If instead we let some free space grow before consticting it again, we end up with some sort of a breathing world.
– video maps breathing
While I was writing the software to create breathing maps, Vladimir Putin was presenting some new intercontinental rockets as part of his presidential campaign. To a question about the possible destruction of earth he answered: «Certainly, it would be a global disaster for humanity; a disaster for the entire world. As a citizen of Russia and the head of the Russian state I must ask myself: Why would we want a world without Russia?» Interestingly, the maps used in the video to illustrate the nuclear attack do not include Russia. Nor do they include any other known country or continent.
– images of world without russia
Except for Florida:
– Image of Florida satelite
Humanity has been making maps for a long time, and they haven’t always looked the same. There were some maps made out of clay, some others out of wood sticks, other again were tattooed on your back signifying your place in the universe. Three volumes of History of Cartography are available for free on the University of Chicago website and go into great detail on the topic of non-western, indigineous, map-making.
The most fascinating for me are the inuit carved wooden maps.

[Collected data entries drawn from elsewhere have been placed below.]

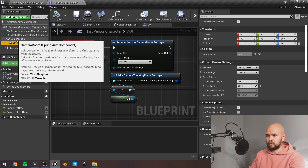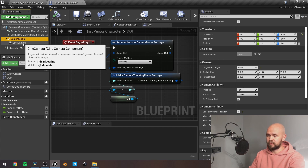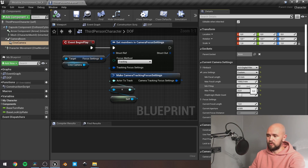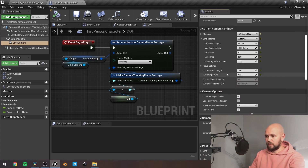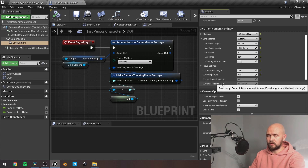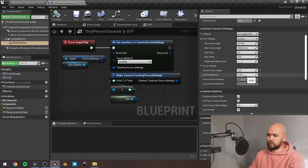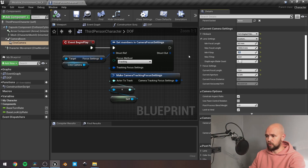All you need to do is select your character and instead of a simple follow camera, go with the cinematic camera. Under the lens settings, customize the minimum f-stop — go with something small like 0.2. Next, adjust the focal length. The default field of view is 90 degrees, so to achieve similar results you'll need a value of 12. Play around with the aperture value to find what suits you.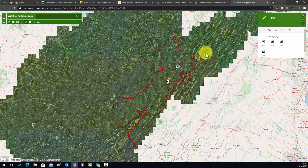It looks like everything's working well. We have a functional web page that's shared with everybody, so you could give someone this link and they could go to this map and add in data points. That's a quick, simple, basic viewer app. In the next section, we'll make a different type of app from a template.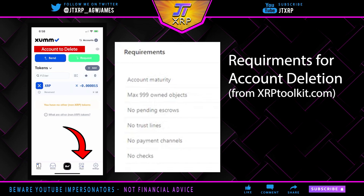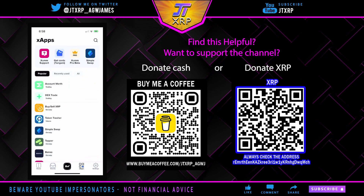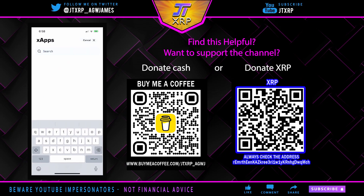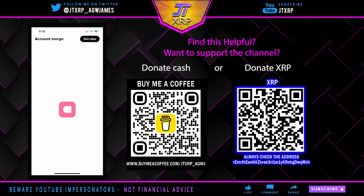Here's the X app. I just wanted to show everyone who's trying to maybe close out an account — who made an extra one — and wants that last 10 XRP off their account. So you just want to go into the Account Merge app and tap on it.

They represent the icelandic shoreline, even though they look nothing like the shoreline from above. They are compact enough to be carried in mittens and are intended to be read by touch.
— Image of Inuit carved map
With ubiquitous 3d printing and injection molding, custom 3d maps of the exhibition space could be made. This kind of ‘prop’ would not only get visitors into thinking about space and representation, but also let them experience space as an inherently phyical phenomenon.
Just as our paper map offer less direct interaction than the inuit maps, our scientific infographics often fail to include the richness of the surroundings and the complexity of earthly lifecycles in a visual way. So I sought to combine the dry contemporary infographics with a pre-20th century scientific illustration style used most prominently by the german biologist Erns Haeckel.
Most of you must be familiar with artistic style transfer with neural nets. It can be described as a series of algorithms that learn the visual style of a particular picture and are then able to recreate another picture in the same style. For a while, a lot of images that looked like Starry Night by Van Gogh floated around the internet, and many apps exist to convert your selfie into a painting with a predefined style.
I used the images of Ernst Haeckel to convert block diagrams often used in geo sciences into something more visually complex
– image of block diagram + image of style
These are the results:
- Images of the complexity of the world
We are accustomed to infographics containing a lot of hidden information, and we are trained to spend time trying to understand it all. In case of the style transferred images, their visual complexity is even higher, while virtually none of the previous information content remains readable. And yet we search and search for meaning.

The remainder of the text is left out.